Jesse Locker is an Assistant Professor of Renaissance & Baroque Art History. He specializes in the art of Italy, Spain, and the Netherlands in the sixteenth and seventeenth centuries. Particular areas of interest include: baroque painting, the art and topography of Rome and Naples, and national identity and cultural syncretism in art. He has published a number of articles and reviews on various aspects of early modern art, most recently on Raphael’s Woman with a Veil for the Portland Art Museum, and is currently completing a book on the seventeenth-century Italian painter Artemisia Gentileschi.

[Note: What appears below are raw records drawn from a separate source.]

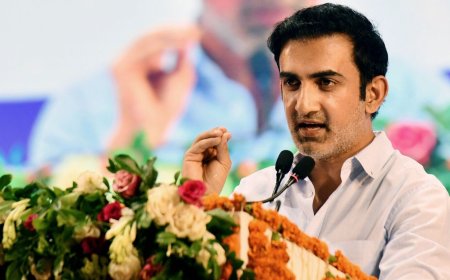 Gautam Gambhir's 'obscene' gesture amid 'Kohli' chants goes viral, says Pakistanis raised anti-India slogans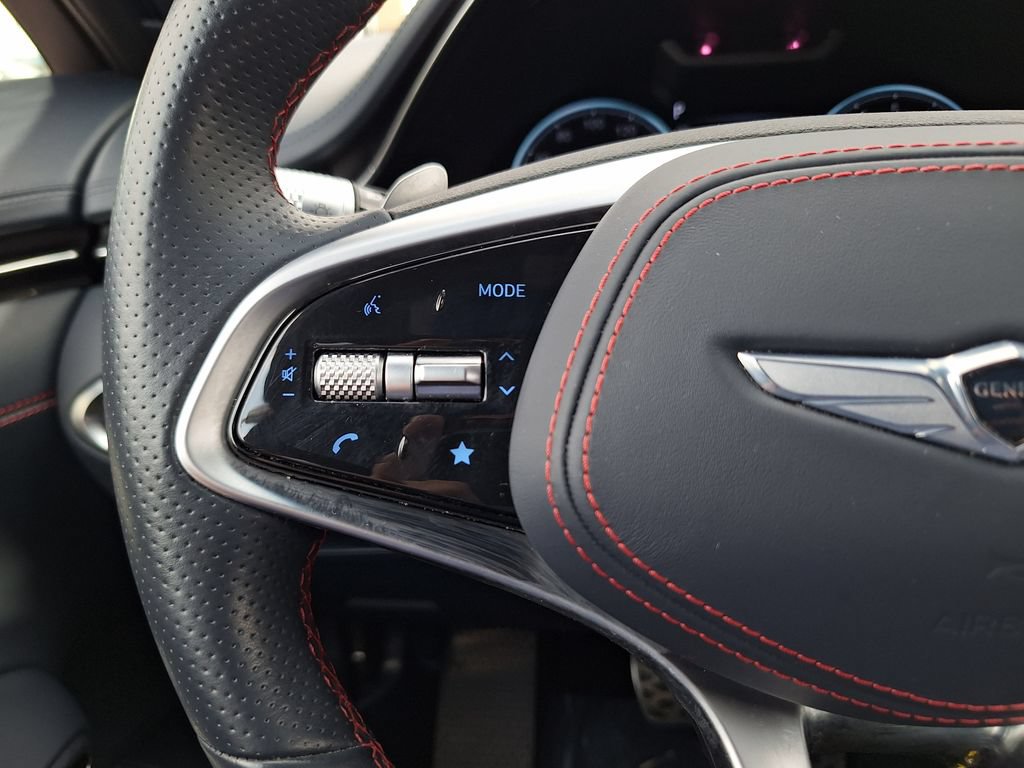 Used 2022 Genesis GV70 3.5T Sport w/ Sport Prestige Package AWD/4WD image 15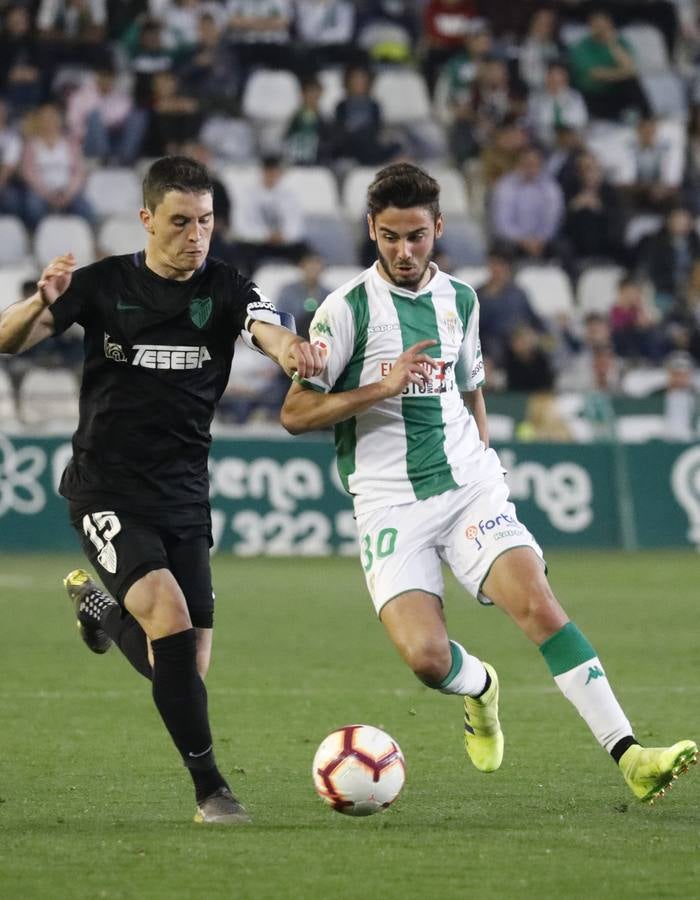 Las mejores jugadas del Córdoba-Málaga, en imágenes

John Ott is the son of a former Army engineer and professional musician and grew up moving regularly around the U.S. and overseas. He graduated from high school in Puyallup, Washington, and, four years later, from the University of Puget Sound in Tacoma with a B.A. in History and French minor.  From there, he headed south to Stanford University, graduating seven years later with an M.A. and Ph.D. in medieval European history and a research specialization in medieval religion and culture, with a regional emphasis on France and the Low Countries.  He has been at PSU since 1999, and is currently an Associate Professor in the Department of History.  He is married and has two daughters, ages 10 and 6, who furnish his office with their artwork.